The final_proc_time_ms
and total_proc_time_ms
fields determine the duration of processed
audio in milliseconds, resulting in final and all words respectively. In a Transcribe
request, both values are equal. In a TranscribeStream
request, these behave as described in Final vs Non-Final Words section.
For the speakers
field see the ResultSpeaker section below.
When separate recognition per channel is used, the channel
field indicates the audio channel that the result is associated with (starting at 0).
Word
message Word {
string text = 1;
int32 start_ms = 2;
int32 duration_ms = 3;
bool is_final = 4;
int32 speaker = 5;
string orig_text = 8;
double confidence = 9;
}
The Word
message represents an individual recognized word, which is given in the
text
field.
The start_ms
and duration_ms
fields represent the time interval of the word in the audio.

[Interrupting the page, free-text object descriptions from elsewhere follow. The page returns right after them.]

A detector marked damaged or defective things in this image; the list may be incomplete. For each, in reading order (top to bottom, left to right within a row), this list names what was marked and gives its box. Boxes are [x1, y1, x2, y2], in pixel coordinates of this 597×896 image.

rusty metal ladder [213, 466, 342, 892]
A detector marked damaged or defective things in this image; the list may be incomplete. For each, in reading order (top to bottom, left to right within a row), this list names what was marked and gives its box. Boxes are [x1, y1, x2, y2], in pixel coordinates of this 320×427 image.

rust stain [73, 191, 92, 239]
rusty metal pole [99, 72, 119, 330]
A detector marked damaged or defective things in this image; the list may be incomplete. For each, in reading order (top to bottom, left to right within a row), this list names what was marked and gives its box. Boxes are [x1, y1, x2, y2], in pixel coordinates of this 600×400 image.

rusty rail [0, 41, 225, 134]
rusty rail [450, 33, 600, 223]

Understood as half-open interval [start_ms
, start_ms
+ duration_ms
), it is guaranteed
that there is no overlap between transcribed words from the start.
The is_final
field specifies if the word is final. This distinction is relevant only when using
TranscribeStream
with include_nonfinal
=true; in other cases is_final
is always true,
Refer to Final vs Non-Final Words.
The speaker
field indicates the speaker number. Valid speaker numbers are greater than 0.

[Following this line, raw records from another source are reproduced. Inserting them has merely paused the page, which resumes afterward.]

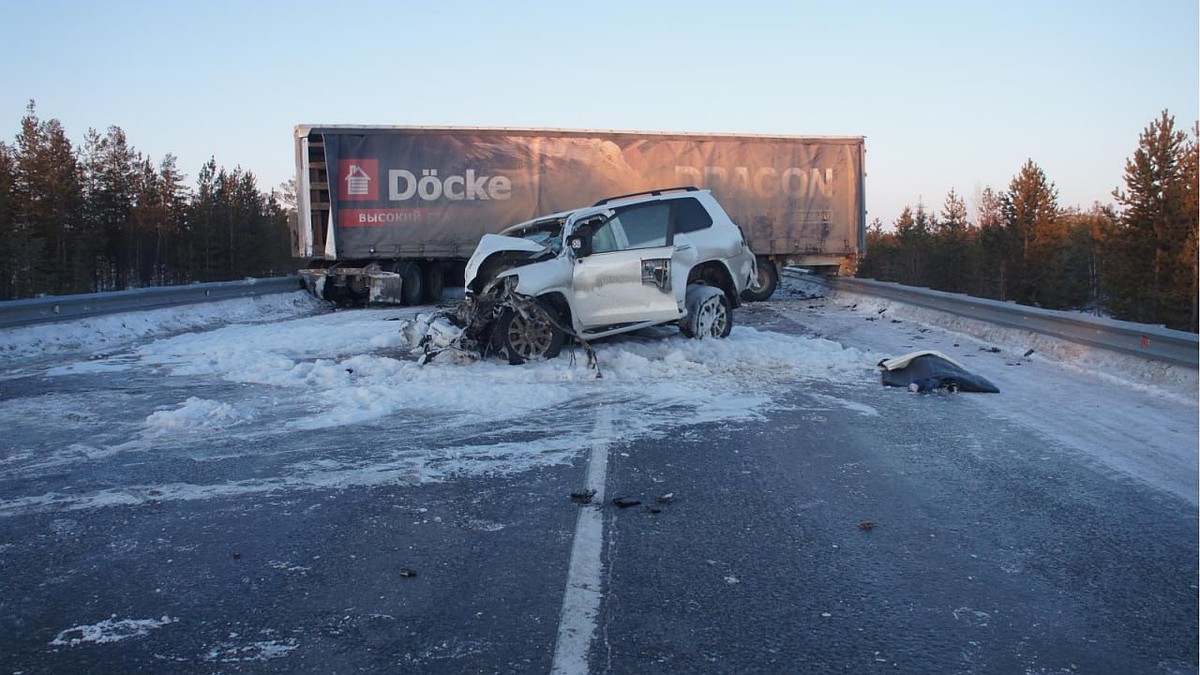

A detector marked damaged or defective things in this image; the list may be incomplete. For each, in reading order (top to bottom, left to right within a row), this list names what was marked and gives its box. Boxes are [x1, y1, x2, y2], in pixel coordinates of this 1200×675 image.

crashed white suv [403, 186, 758, 362] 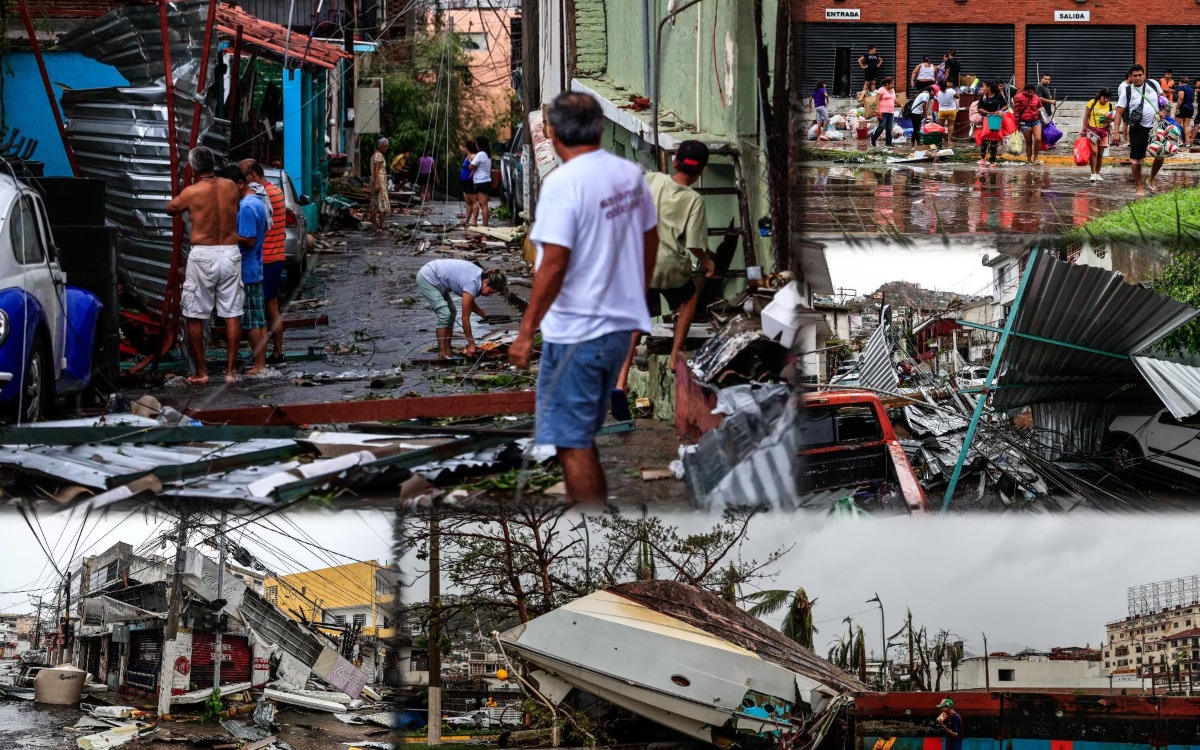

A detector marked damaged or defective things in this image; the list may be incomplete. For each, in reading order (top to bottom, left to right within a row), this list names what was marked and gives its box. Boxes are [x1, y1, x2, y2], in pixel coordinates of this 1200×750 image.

crushed vehicle [0, 171, 101, 422]
rusted metal sheet [184, 388, 537, 424]
broken wooden beam [186, 388, 535, 424]
crushed vehicle [801, 388, 931, 511]
crushed vehicle [496, 578, 864, 748] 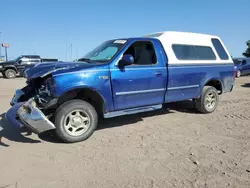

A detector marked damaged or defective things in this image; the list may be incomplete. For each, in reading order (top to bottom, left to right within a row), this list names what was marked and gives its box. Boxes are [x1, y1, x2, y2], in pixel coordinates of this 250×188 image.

damaged front bumper [4, 98, 55, 134] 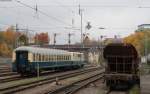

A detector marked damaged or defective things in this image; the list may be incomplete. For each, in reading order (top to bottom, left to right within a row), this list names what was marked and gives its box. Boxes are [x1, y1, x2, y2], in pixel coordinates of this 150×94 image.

rusty freight wagon [103, 43, 140, 88]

Only available when using Speaker Diarization.
The orig_text
field indicates the original word when the word in text
was masked by
the profanity filter, otherwise it is empty. Refer to Profanity Filter.
The confidence
field has the value between 0 and 1 indicating the system's confidence level of
the word being correctly recognized.
ResultSpeaker
message ResultSpeaker {
int32 speaker = 1;
string name = 2;
}
If using Speaker Identification, the Result.speakers
field
contains associations between speaker numbers and the specified candidate speaker names.
These associations (speaker-number -> speaker-name) give you complete information to
assign the specified registered speakers to the recognized words.
The Result.speakers
field contains the latest or best associations so far.
These associations hold for all words from the start of the audio, not just for words in the latest result.